China Wu Yi Co., Ltd.
- Native name: 中国武夷
- Company type: State-owned enterprise
- Headquarters: Fuzhou, China
- Website: Official website

= China Wu Yi =

Construction and engineering company

China Wu Yi Co., Ltd. is a construction and engineering company that carries out international projects as the overseas arm of the Fujian Construction Engineering Group Company. It reported $334 million in international project work in 2012, placing the company among the 250 largest international contractors as ranked by Engineering News-Record.

==Projects==
A 2013 report noted it had 18 projects in Kenya. The Kenyan operations of the company is one of the six largest Chinese construction companies in Kenya, competing in a highly competitive market with each other and local and European construction companies.
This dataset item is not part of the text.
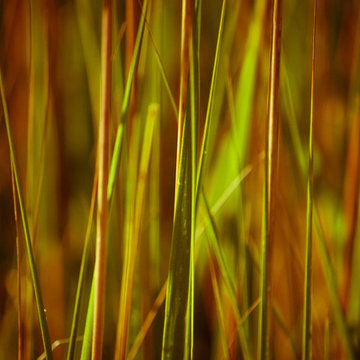 Nature, Art Photography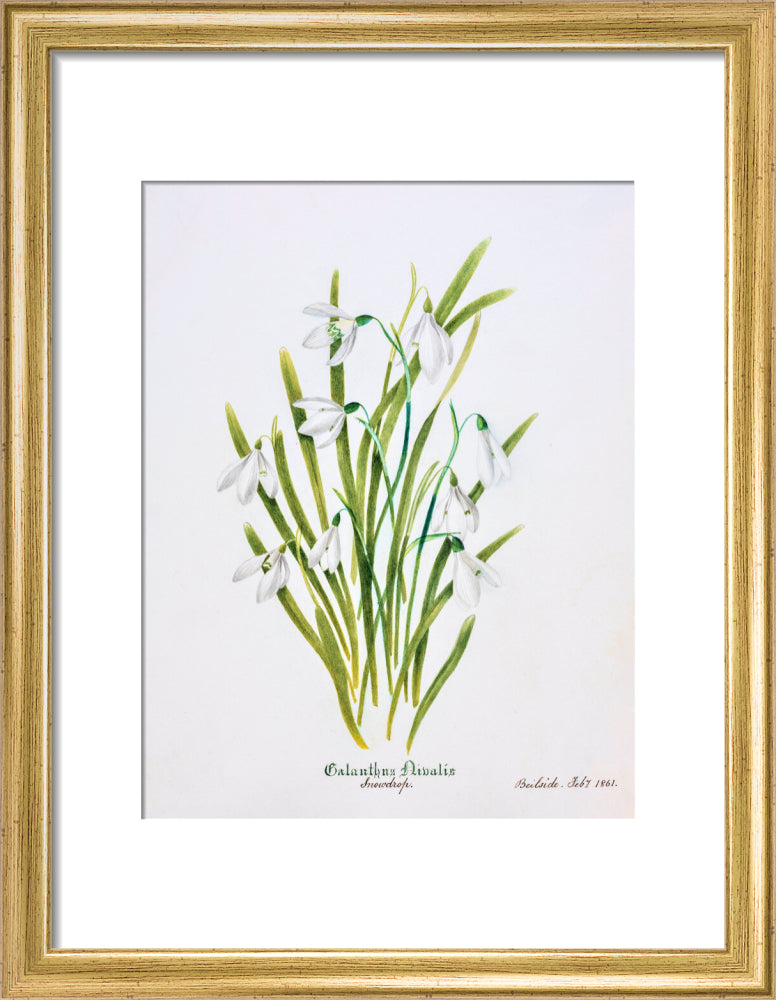 Snowdrop by Charlotte Cowan Pearson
One of the key projects Wu Yi was selected, in September 2006 for, was the $37.2 million first phase of the $1.23 billion modernization of the Jomo Kenyatta International Airport, funded by a syndicate of Kenyan banks and the World Bank. The company is a contractor in paving the first phase of a road between the border Kenya-Ethiopia border town of Moyale and Isiolo, a northern Kenyan gateway city in a project worth $63.9 million, funded by the African Development Bank. A Reuters article documenting the project noted there was a pan-African significance to the project as it would lay down tarmac on one of the last unpaved sections of the Cairo – Cape Town Highway.
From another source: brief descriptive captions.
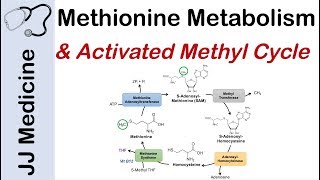 Methionine Metabolism and Activated Methyl Cycle  Pathway and Purpose [upl. by Fortunio]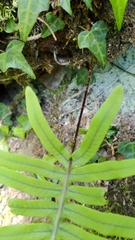 Polypodiodes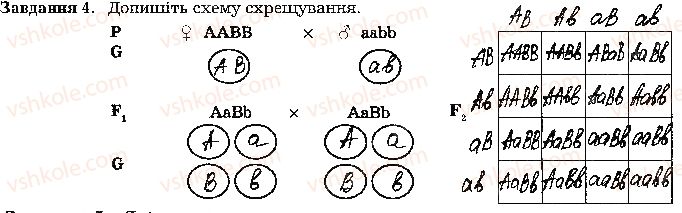 фото задание стр71 - тема 5. закономірності успадкування ознаки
In another important project, it was one of several Chinese contractors that built the Thika superhighway, a project that involved widening an existing road that had one lane on one side and two lanes on the other to 12 lanes total. The $360 million project financed by the Export-Import Bank of China was finished in 2012 on schedule.

A scholarly article in 2008 on Kenyan and Chinese economic relations, published by the Center for Strategic and International Studies, praised the work of the company in Kenya.